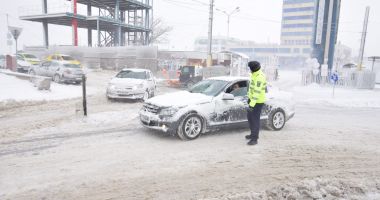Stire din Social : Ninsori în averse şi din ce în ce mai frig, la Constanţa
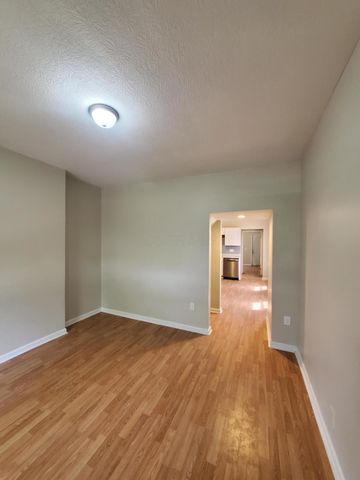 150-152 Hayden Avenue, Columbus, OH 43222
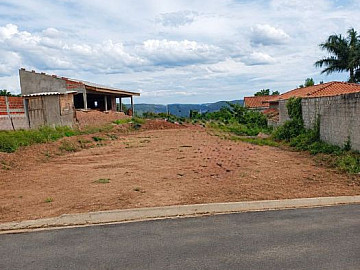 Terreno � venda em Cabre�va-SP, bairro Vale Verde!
==
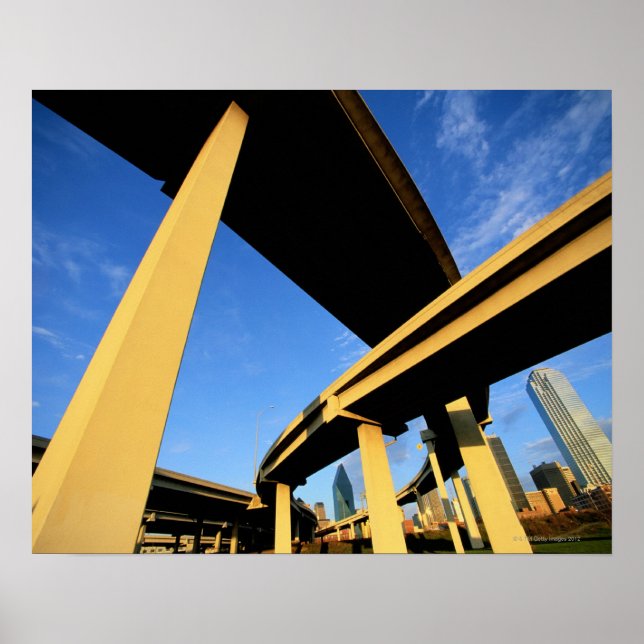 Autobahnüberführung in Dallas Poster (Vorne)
---
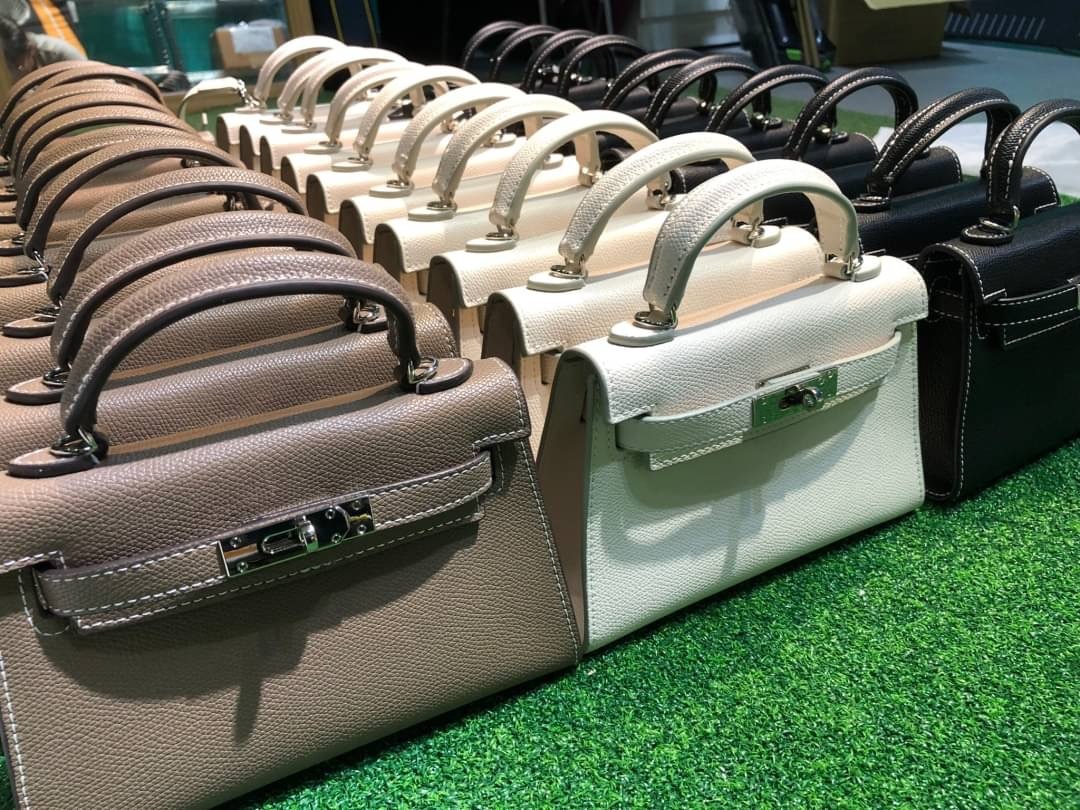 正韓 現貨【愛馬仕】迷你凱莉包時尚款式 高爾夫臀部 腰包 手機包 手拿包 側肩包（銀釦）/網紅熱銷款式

How to complete this task: Write back the stretch of lines above that begins with the line holding "Stire din Social" and ends with the line holding "Terreno � venda", both included, exactly as written. Pictures stay out.

Answer to this task:
Stire din Social : Ninsori în averse şi din ce în ce mai frig, la Constanţa
 150-152 Hayden Avenue, Columbus, OH 43222
 Terreno � venda em Cabre�va-SP, bairro Vale Verde!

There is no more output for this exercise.